What is being asked:
Nothing before the line containing "1950's Art Deco" belongs in the answer; quote that line and all lines after it through the end of the material, word for word.

Dataset excerpt:
--- --- ---
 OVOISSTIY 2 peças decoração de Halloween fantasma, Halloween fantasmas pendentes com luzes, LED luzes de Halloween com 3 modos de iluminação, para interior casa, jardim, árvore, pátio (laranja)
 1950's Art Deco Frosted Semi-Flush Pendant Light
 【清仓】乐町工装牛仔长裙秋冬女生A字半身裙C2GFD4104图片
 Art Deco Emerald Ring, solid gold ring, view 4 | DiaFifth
--- --- ---
Problem solution:
 1950's Art Deco Frosted Semi-Flush Pendant Light
 【清仓】乐町工装牛仔长裙秋冬女生A字半身裙C2GFD4104图片
 Art Deco Emerald Ring, solid gold ring, view 4 | DiaFifth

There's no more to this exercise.